Bill Willingham begins To Kill a Bird by recapping recent events in Tim Drake’s life, several tragic, before setting a cracking pace over the first half of this collection. The chase and fight scenes are only briefly interrupted by conversations. There are decisions to be taken about Tim’s future with his father dead and his stepmother unable to fulfil any caring duties, so who’s going to look after him? It would seem Bruce Wayne’s the obvious choice, but just as he does with the superhero action, Willingham keeps throwing in complications.

Superhero comics thrive on repetition, so when originally serialised in 2005 a thrilling aspect of these stories was Willingham constructing one fascinating supervillain after another. The opening archer isn’t the height of novelty, but is differentiated from other bow and arrow characters, while the other people introduced all have something about them that’s not only marks them as different from other villains you’ve seen, but something of the dark. That doesn’t apply to Tim’s new guardian, but there’s an interesting story behind his uncle as well. It’s all very clever, and still stands up all these years later.

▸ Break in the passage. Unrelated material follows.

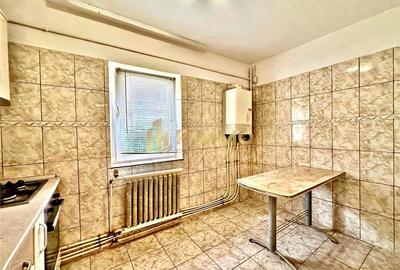 Apartament cu 3 camere decomandat, mobilat în Burdujeni - 8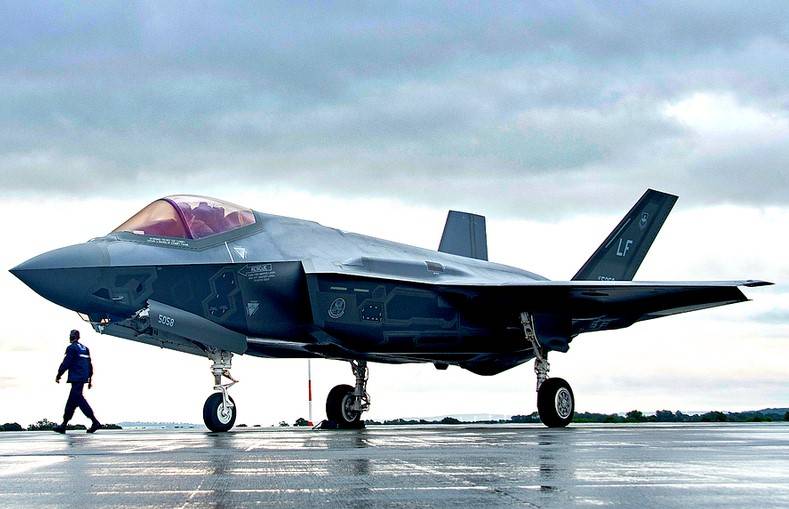 Американцы не могут понять, что происходит с истребителем F-35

The primary artist is Damion Scott, a fantastic find at the time with an innate sense for design, every page of his looking as if it’s been sprayed on a wall somewhere, vivid and memorable montages with detail and imagination. Sadly Scott only draws three of the six episodes, and it’s interesting to see Scott McDaniel attempting to imitate his layouts on the final chapter. Pop Mhan and Giuseppe Camuncoli fill out the artistic roster, each working in their own style, and both very good, but it’s Scott whose pages are definitive.

A weird ending leads directly into Days of Fire and Madness, and the creators have done more than enough to ensure we want to follow them there.